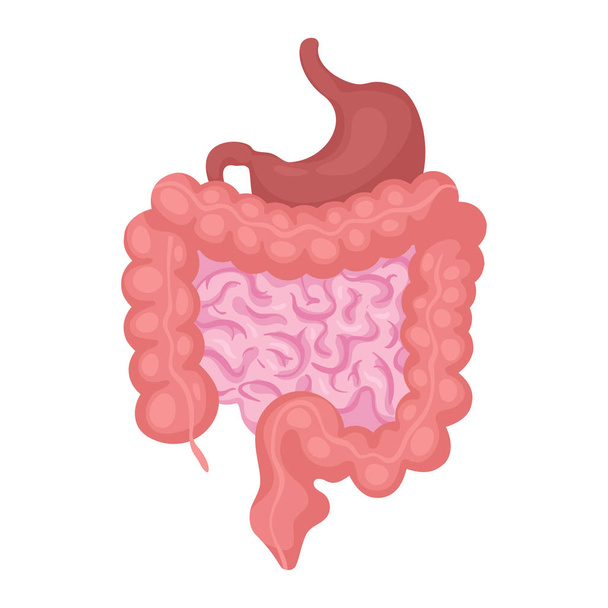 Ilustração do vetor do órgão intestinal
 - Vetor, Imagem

--

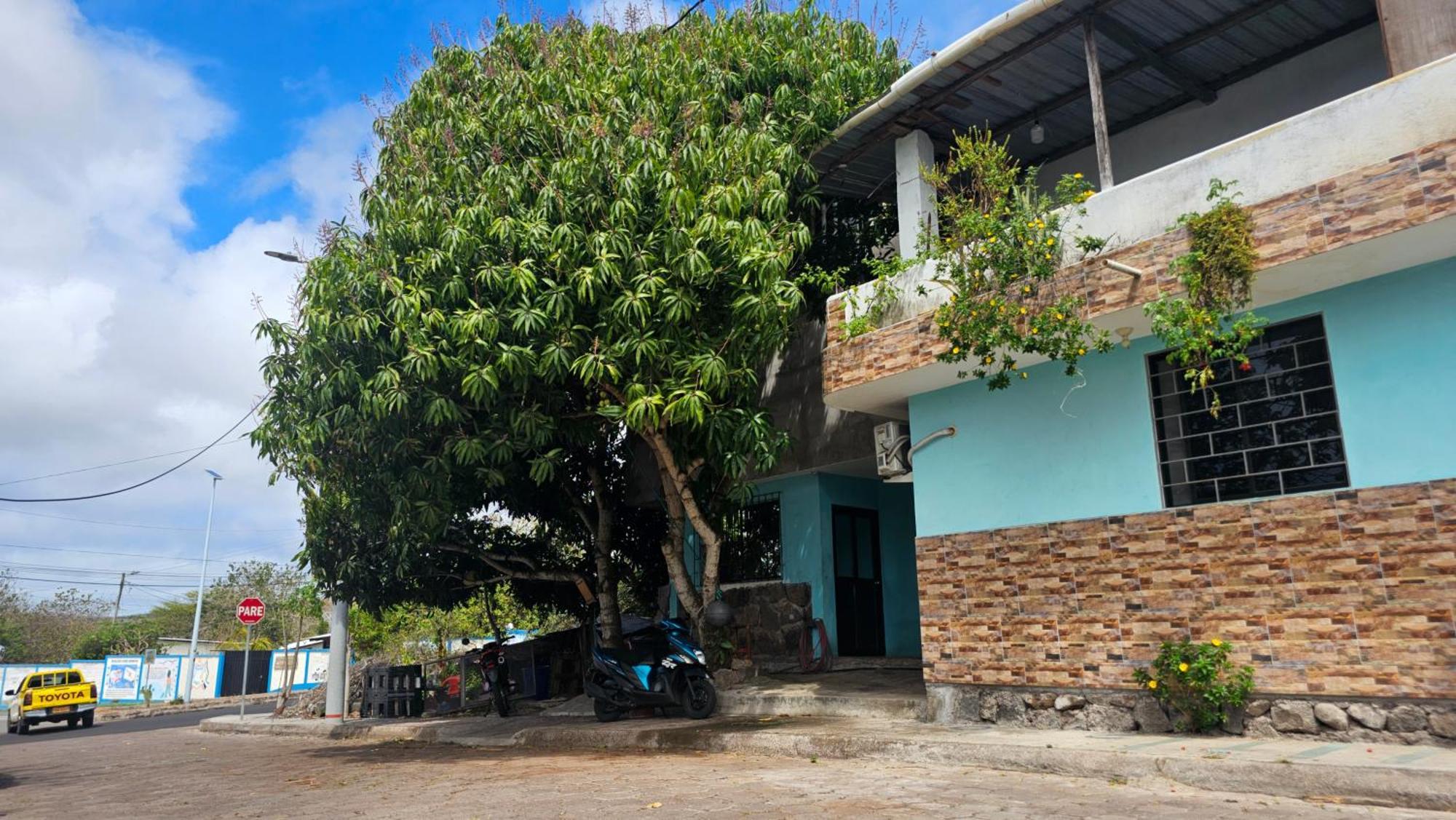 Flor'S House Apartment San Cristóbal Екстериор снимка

...

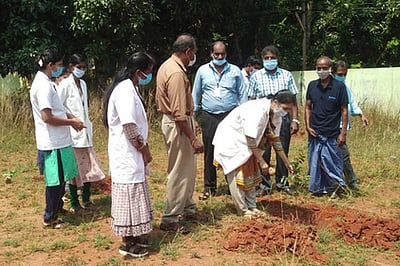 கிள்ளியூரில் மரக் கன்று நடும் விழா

**EXERCISE DESCRIPTION:** Going back to the data above, write out everything from the line with "Ilustração do vetor do órgão intestinal" down to the line with "- Vetor, Imagem", both included, leaving every picture out.

**TASK RESPONSE:**
 Ilustração do vetor do órgão intestinal
 - Vetor, Imagem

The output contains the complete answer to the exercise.